_About this task:_
The data below is to be written out exactly, with no pictures.

_Information provided:_

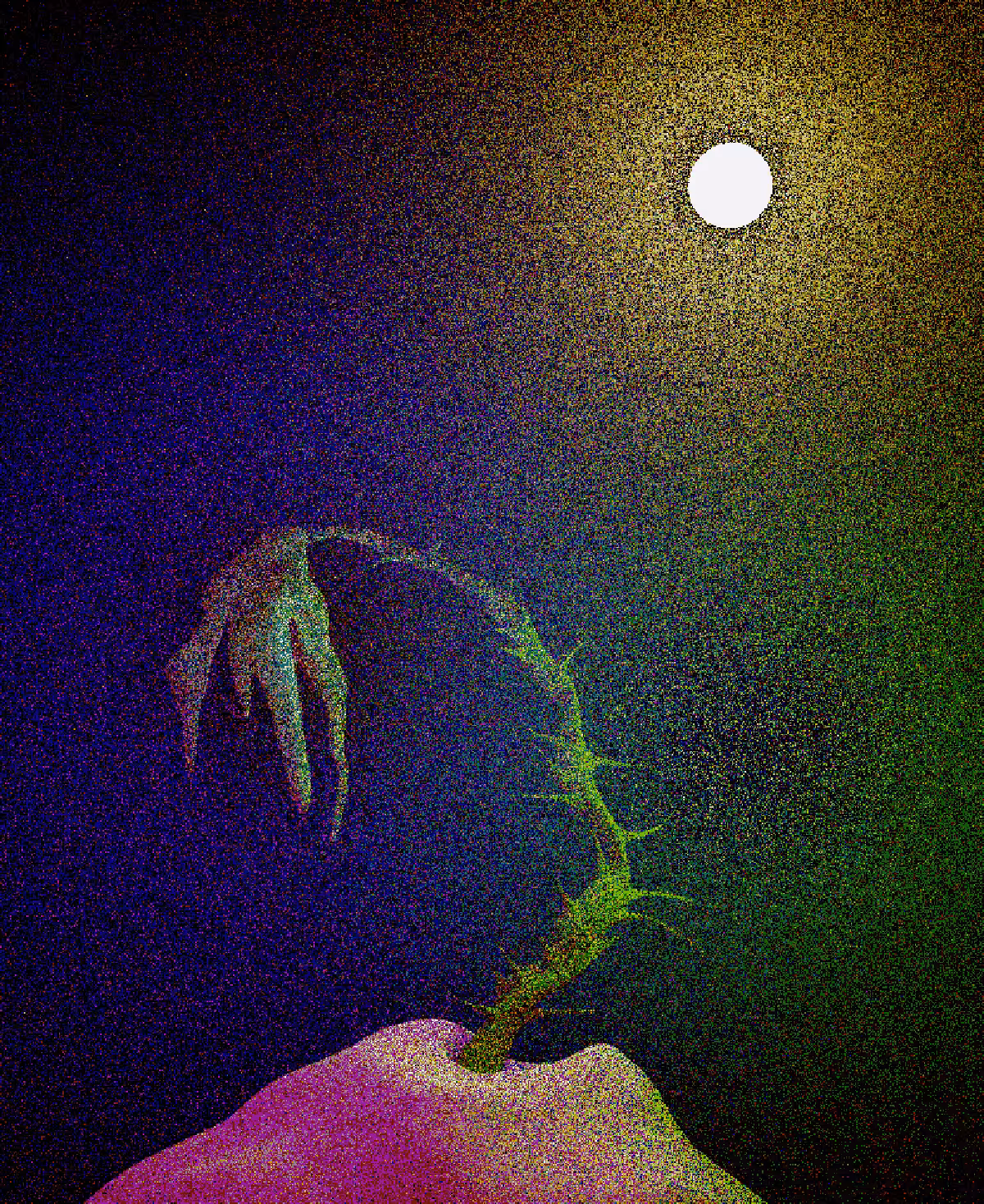 Plant Based 2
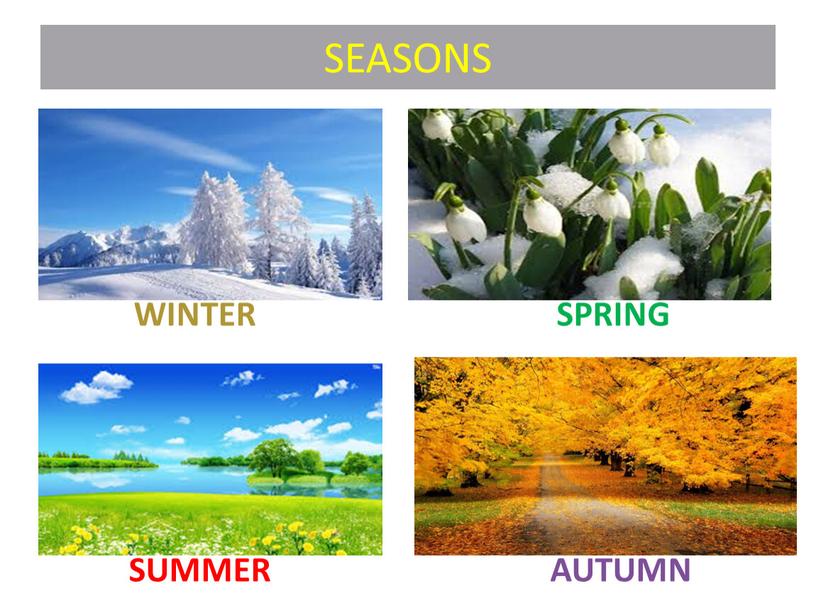 SEASONS WINTER SPRING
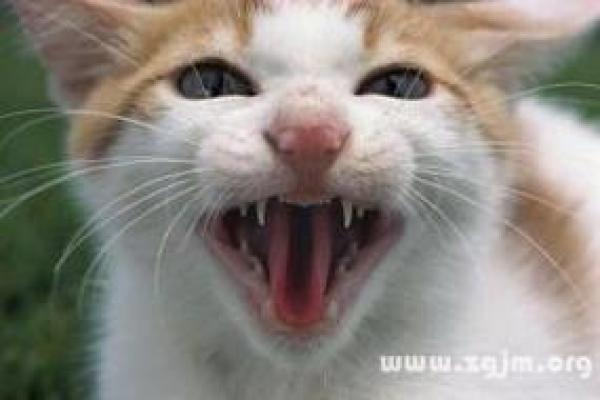 梦见被猫咬了不松口是什么意思 梦见被猫咬了不松口是什么意思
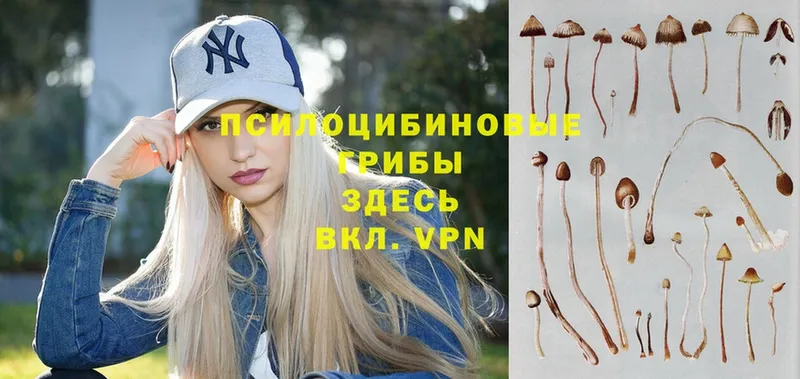 kraken ссылки  цена наркотик  Джанкой  Галлюциногенные грибы Psilocybine cubensis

_Exercise answer:_
 Plant Based 2
 SEASONS WINTER SPRING
 梦见被猫咬了不松口是什么意思 梦见被猫咬了不松口是什么意思
 kraken ссылки  цена наркотик  Джанкой  Галлюциногенные грибы Psilocybine cubensis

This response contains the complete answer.